A proposed rule aimed at curbing contractors’ unfair or inefficient labor practices has drawn objections from major contractors and a qualified thumbs-up from a nonprofit advocate of government transparency.
In late May, the Labor and Defense departments, along with the General Services Administration and NASA, jointly proposed rules and guidance for amending the Federal Acquisition Regulation to “improve contractor compliance with labor laws and increase efficiency and cost savings in federal contracting.”
President Obama’s July 2014 executive order—which could affect 28 million workers at 24,000 companies—required prospective and existing contractors to disclose past labor violations so contracting officers could consider the information, in consultation with labor compliance advisors, before awarding a contract.
“To achieve paycheck transparency for workers,” the proposal noted, the executive order would require “contractors and subcontractors to provide individuals with information each pay period regarding how they are paid and to provide notice to those workers whom they treat as independent contractors.”
When the proposed rule was issued in May, Labor Secretary Thomas Perez said, “The opportunity to contract with the federal government is a privilege not a right.” The goal is to “ensure that contractors’ employees are given necessary information to make sure their paychecks are accurate,” he said. It is also to “ensure that workers who may have had their civil rights violated or been sexually assaulted can have their day in court, ending pre-dispute mandatory arbitration agreements covering these claims at large federal contractors.”
Perez said the agencies were “guided by extensive outreach to contractors, worker advocates and many others” in crafting the proposed rule.
Last week, the Arlington, Va.-based Professional Services Council joined with five associations to submit highly negative comments on the proposal, which they likened to blacklisting. “The sweeping and significant new compliance regime established by the proposals does not align with the president’s own recognition that the vast majority of contractors already play by the rules,” said council President and CEO Stan Soloway, who joined with the Council of Defense and Space Industry Associations.

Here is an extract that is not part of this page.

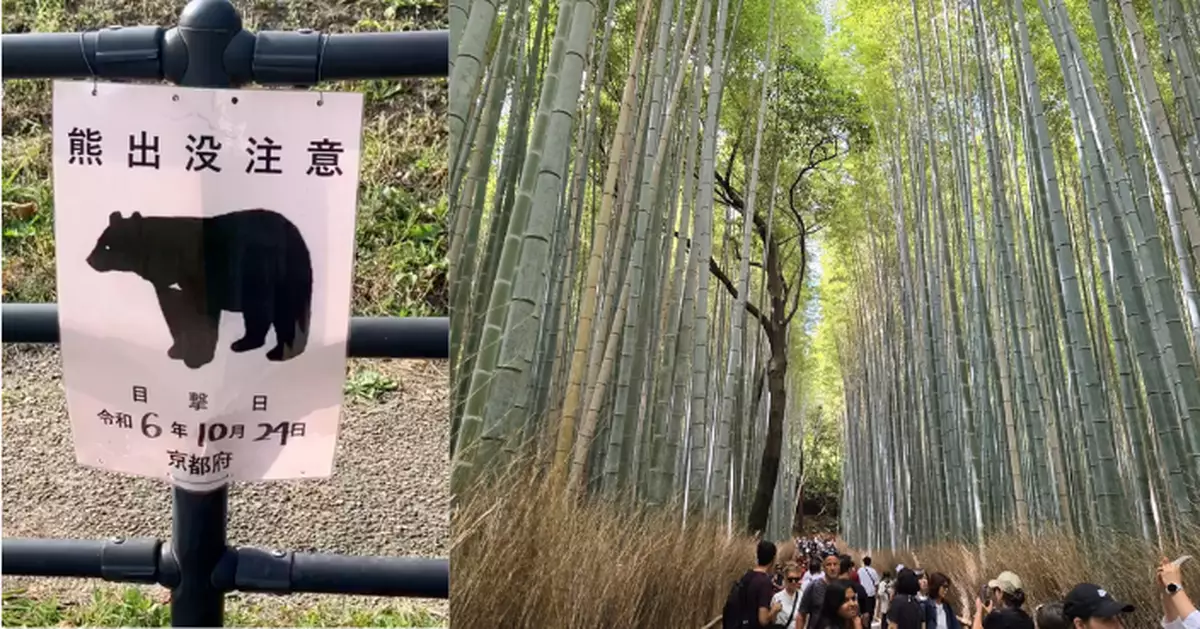 遊日注意｜京都景點嵐山現熊踪  未有人類傷亡報告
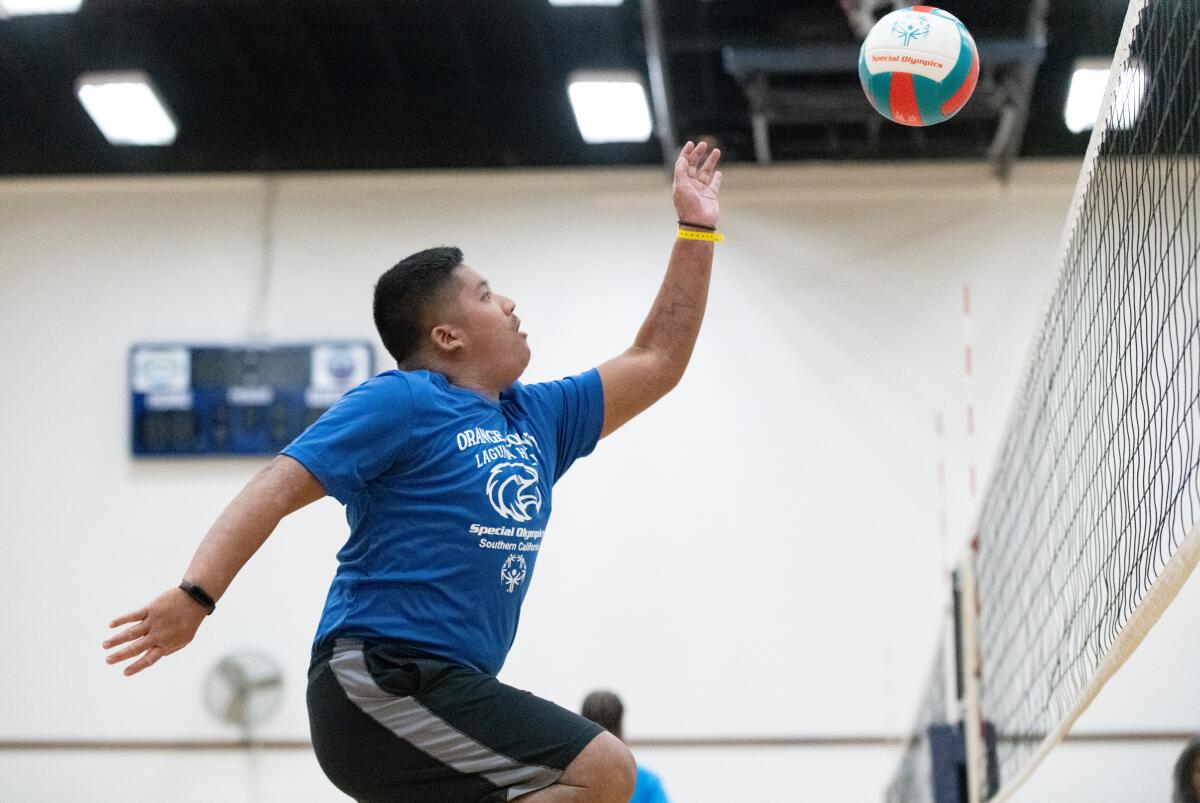 Alex Nguyen of the Laguna Hills Hawks volleyball team leaps toward the net during a rally.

“These proposals will stifle responsible, well-intentioned contractors with a heavy blanket of new reporting and compliance requirements, much of which can already be achieved using current government oversight and data,” Soloway said in a statement. “At the same time, the proposals lay waste to the very concept of due process.”
The industry groups argue that the government failed to show that existing labor law enforcement, including suspension and debarment, are insufficient. The new mandates “will discourage new entrants and drive innovative companies out of the federal market,” the council said. They also will “strip contractors of their due process rights by allowing punishments based on mere allegations” and shift subcontractor oversight from the Labor Department to prime contractors, the council said.
A more upbeat view was submitted a day earlier by the nonprofit Project on Government Oversight, which noted that some companies with records of poor integrity, ethics and labor law compliance “provide bad value for the government and taxpayers.”
But POGO would have the government go further. “We are concerned that various restrictions and omissions concerning contractor disclosure—for example, contractors are not required to report criminal violations, settled cases, or violations of foreign labor laws—could diminish the overall effectiveness of the EO,” wrote investigator Neil Gordon. “We hope that our suggestions are incorporated into the final rule.